I was fortunate to get to see Robonaut in its home lab on two separate occasions 2006 - 2008. It is/was mainly a platform for research in teleoperation and hand-gripping. I was confused when I first saw a news item, years ago, about it going up to the ISS, because while it was forward looking to this purpose, it didn't seem like the prototype itself was intended for this. I think they'd have done some things differently if they knew the prototype itself was going to go up - probably make it smaller and lighter for one. But do remember, when this was started was before things like the Raspberry Pi, so a lot of components (computers, cameras, actuators) were bigger then than they would be now.
It was interesting to see the design evolve. For instance the first-generation Robonaut hand was based on human anatomy. One of the researchers spoke to hand surgeons and even observed real surgeries to learn about this anatomy. So the fingers of the first-generation hand were endoskeleton-supported. But on my second visit I got to see parts from a version of the hand they had just (or were just about to) put in. These were more of an exoskeleton design, like a loop/outline of each segment of a finger. (Unlike an insect exoskeleton, these segments were not fully enclosed; think of like a 2D loop not 3D tube.) Apparently the second design gave more room to put sensors in the fingers (and, I imagine, protected the sensors better). Once the glove is on the hand, you can't tell the difference.
I don't know, seems a little goofy, to make a humanoid robot. I know, it has to operate the same equipment that humans operate etc. But humans suck at zero gravity - there has to be a better solution for the ISS. Space spider? Zero-g-octopod? Slithering station snake? Something.
I got to see him in 2010 before he went up. Actually got to see the prototype with the acrylic chest. It was kind of awkward because my friend who worked at NASA took us into the room where the engineers were all working on him and just stared at us gawking at the robot.
Not to discount the work of roboticists, but that seems like a huge waste of space and weight. Were there significant gains from putting a prototype into space instead of perfecting it on the ground?
If you want to learn about how to do robots in microgravity, you have to really do it. It’s not just controls but also how lubricants behave, how dust and crud behaves in motors, and all the little things.
I think the human form factor is not the most useful, but it’s going to be important eventually to be able to do manipulation in orbit.
The human(ish, see the legs) form factor is likely preferable because they had ground controllers operating it in a telepresence design. If a human is trying to do things a human would do if they were there, a human shape is a good one. And many things they will manipulate were designed to be manipulated by humans.
Since we can't beam a specialist into space when we break something, the next best thing would be if that specialist could take over control of a humanoid robot in space they can directly control there to intervene and help fix a problem.
Perhaps someday when they have a problem with their humanoid robot in space, a roboticist can take control of another humanoid robot up there to perform the repair work.

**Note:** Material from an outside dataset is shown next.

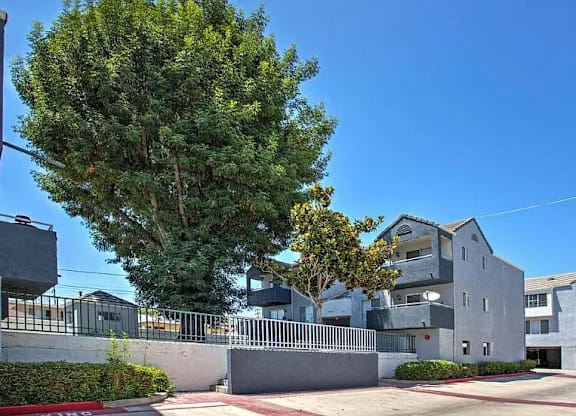 A large grey building with a tree in front of it.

Yes, those are the arguments they used. In particular it had to be able to use astronaut hand tools, which are designed for pressure suit gloved hands. On the downside the form factor is rather complex.

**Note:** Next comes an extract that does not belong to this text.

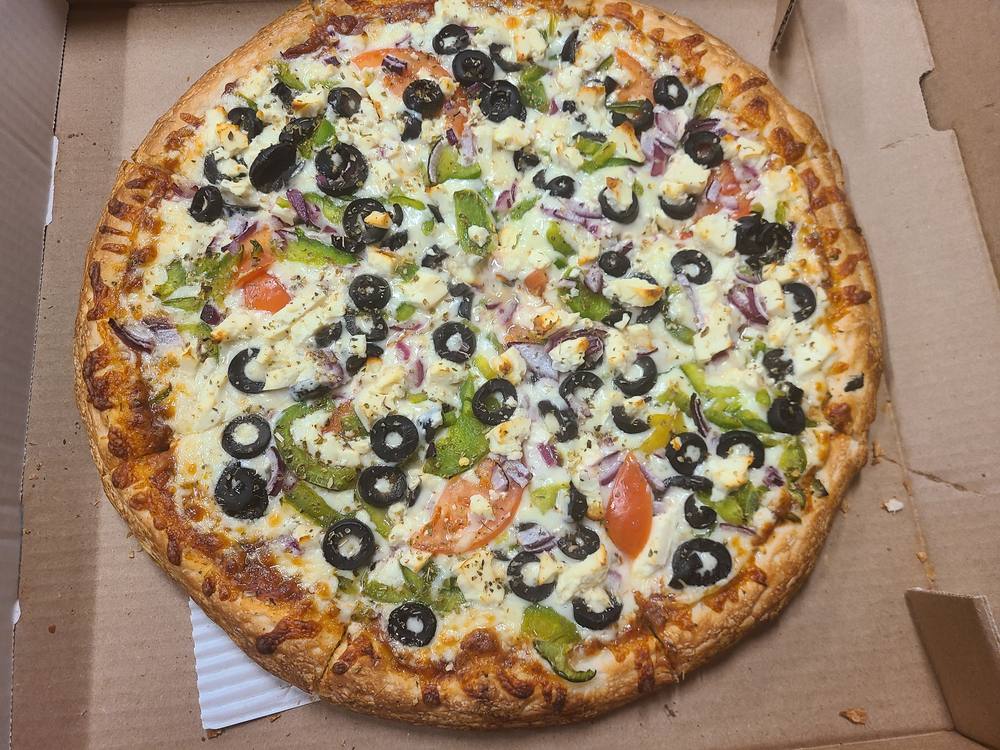 Greek pizza topped with feta, tomato, red onion, green pepper and black olives.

I recall a presentation when one of the very talented engineers that built it said (roughly) we made the robot now all you have to do (you being the robot AI) people in the room) is make it autonomous. A 30 DOF semi-android in microgravity? Piece of cake.... :|
Most power systems in space are far from cutting edge technology. If you're going to spend many dollars to put hardware into space, your priority shifts away from peak performance and towards steady, proven reliability. Lots of old tech is robust and well-understood.

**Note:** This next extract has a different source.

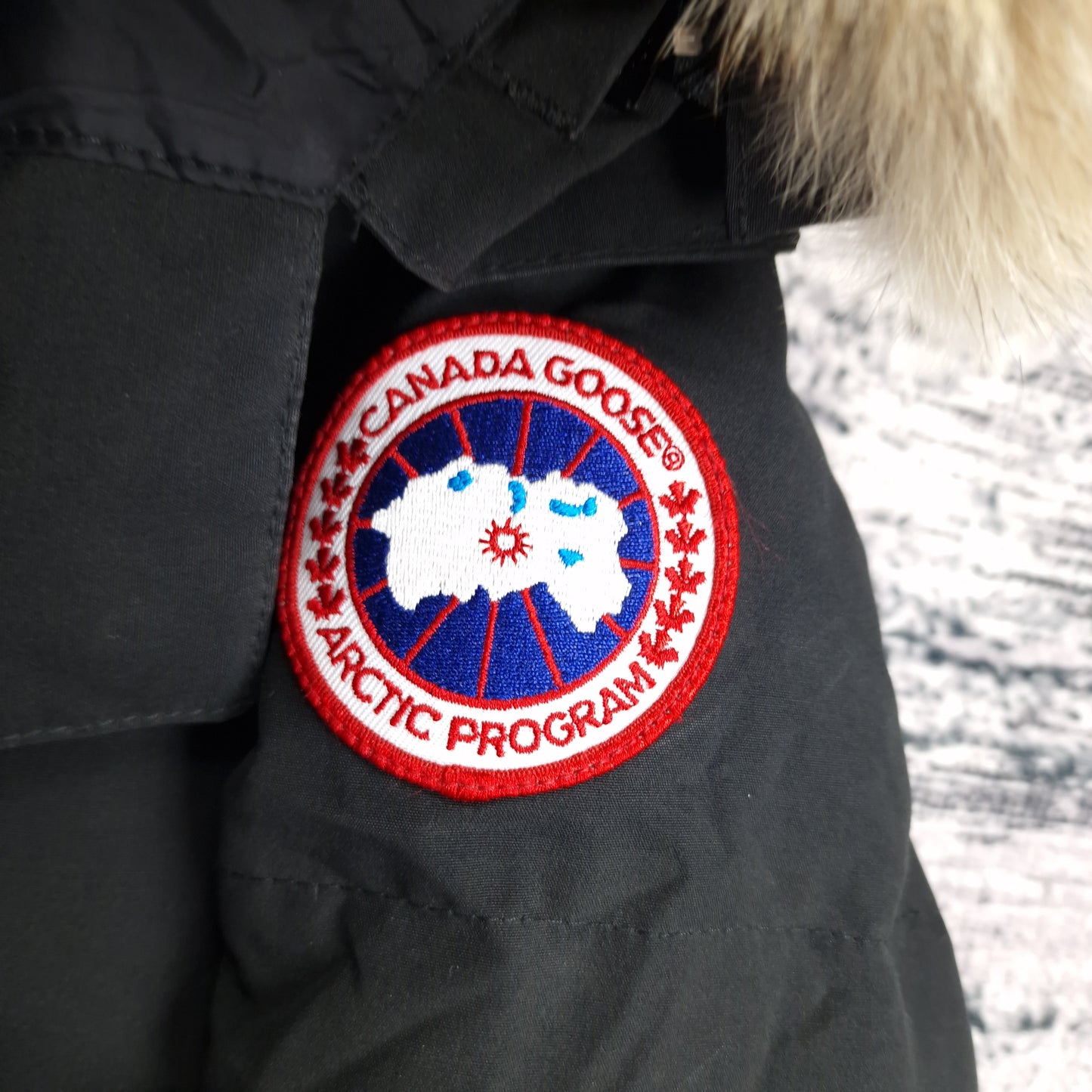 Close-up of authentic Canada Goose Arctic Program badge on Chelsea Parka 3804LA, black colorway Medium, showing iconic logo patch detail on women's luxury winter jacket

Also, work on robonaut was initiated 20 years ago.
You can get plenty of modern stuff to go into a MicroTCA chassis. For what is essentially an industrial computer hooked up to motors and sensors, that kind of base hardware is perfect for the role.
The modern approach to robotics uses a high (-ish) speed serial bus - CAN 20 years ago, EtherCAT today - and a distributed network. Centralized chassis based systems are fragile and difficult to upgrade!
It was interesting to see the design evolve. For instance the first-generation Robonaut hand was based on human anatomy. One of the researchers spoke to hand surgeons and even observed real surgeries to learn about this anatomy. So the fingers of the first-generation hand were endoskeleton-supported. But on my second visit I got to see parts from a version of the hand they had just (or were just about to) put in. These were more of an exoskeleton design, like a loop/outline of each segment of a finger. (Unlike an insect exoskeleton, these segments were not fully enclosed; think of like a 2D loop not 3D tube.) Apparently the second design gave more room to put sensors in the fingers (and, I imagine, protected the sensors better). Once the glove is on the hand, you can't tell the difference.